Suffice it to say, we have found ourselves rather busy in the ensuing months since last we chatted. And the upcoming ones are looking much slower. I got a promotion at work -- which is great. However, I am working harder than ever and never seem to get anywhere. Also, I am still doing my old job as well -- so until we get totally back filled at work, I am doing two jobs piss-poorly. Which leaves me with a warm and fuzzy feeling all over. And here are the things we are trying to/planning to do between now and October of this year

(commence drumroll)

  1. Have a baby. Oh yeah - if you missed that announcement, I am also 5 months pregnant. WHOLE other story. Not planned, at all, a smidge or in the least little bit. And yes -- that will put the two of them about 16 months apart.
  2. Buy a house. This is directly relational to the above comment. Downsizing of house was great to save money, not great when you add another person to the mix. Even a small one.
  3. Get married.
  4. Open a small business. Joe is looking into a super exciting business opportunity that would make him a partner in a restaurant. This is unbelievably cool for him. The timing however sucks royally given the above list.

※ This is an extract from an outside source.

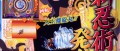 Image Un scan, un seul, pour Naruto Shippuden 5!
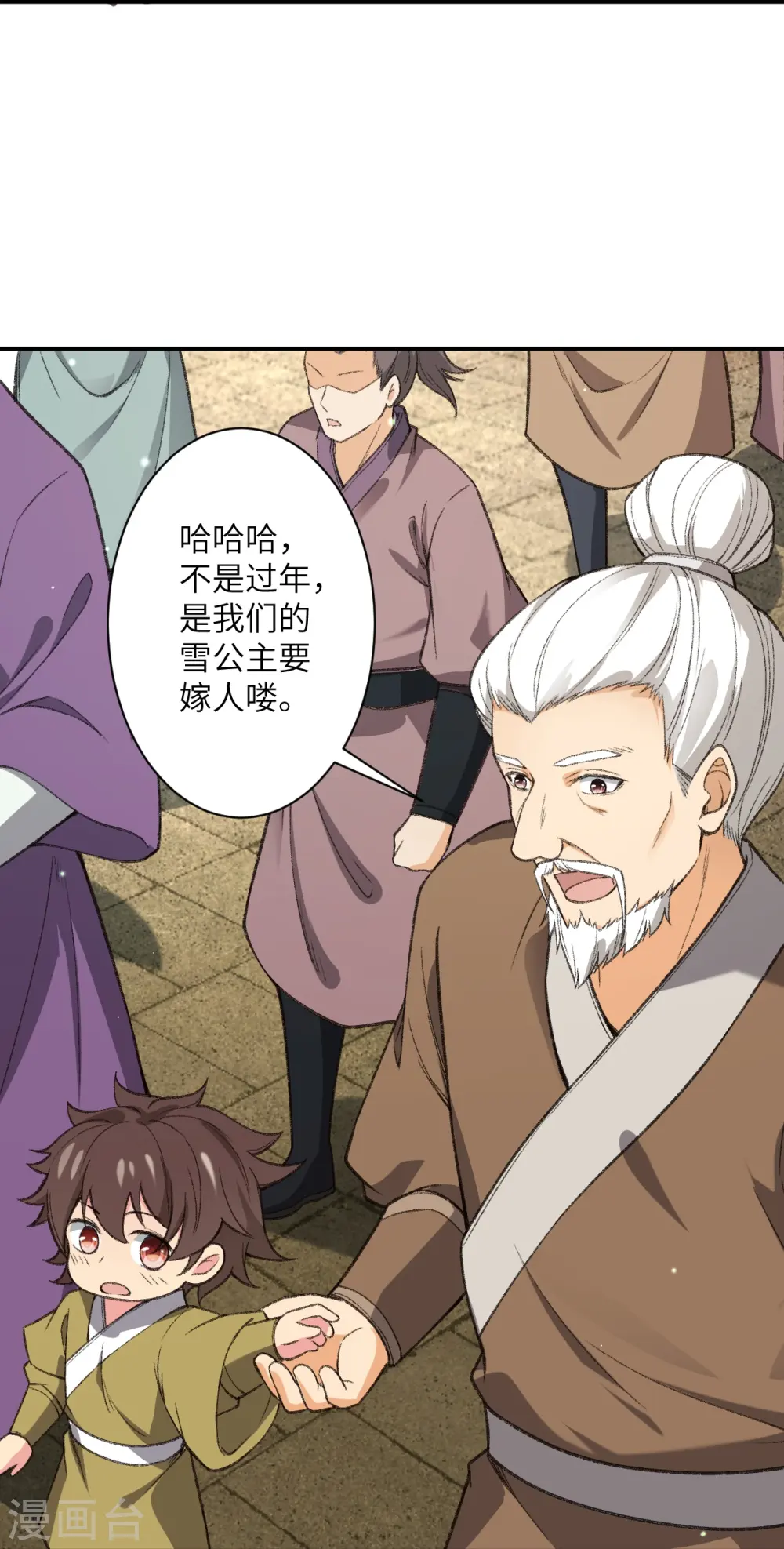 第480话 少年的肩膀19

Now, I maintain that for the average person any ONE of those things in a given year is enough to keep someone on their toes. Not us over-achievers. Nope, we need them all in a 10 month time frame. Suicidal? You bet. Coupled with all that is the small financial miracle we are going to need to pull all this off. As the money tree is buried under 18 feet of snow, I have begun the sound financial practice of buying a lottery ticket a few times a month. So far, no luck, but I think we will get there from here.

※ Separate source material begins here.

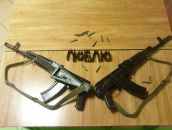 Фотография Козлова Екатерина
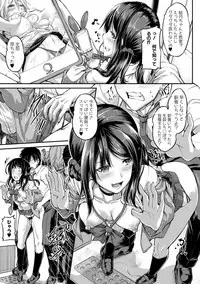 COMIC Shingeki 2018-03 [Digital]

Suffice it to say, things are a little busy in our neck of the woods. I am planning on being better at all of this. Not withstanding all the other things I am trying to keep tabs on, but I have missed our little chats. I routinely find myself creating an entry in my head (normally right after some stupid thing has happened) but by the time I get around to booting up the computer and putting fingers to keyboard, my brain is seeping out of my ears and I can barely have a conversation with my one year old, much less delve that deep for the snark and wit you have grown accustomed to over the years.

But fear not intrepid reader -- I am committed. Or should be committed. Again, another story for another day. So stop by from time to time. I promise we will have more to talk about.

Now listening to nothing. And its pretty nice. Which means, I can got watch not one but TWO back episodes of Project Runway. Its sad how easily I am entertained these days.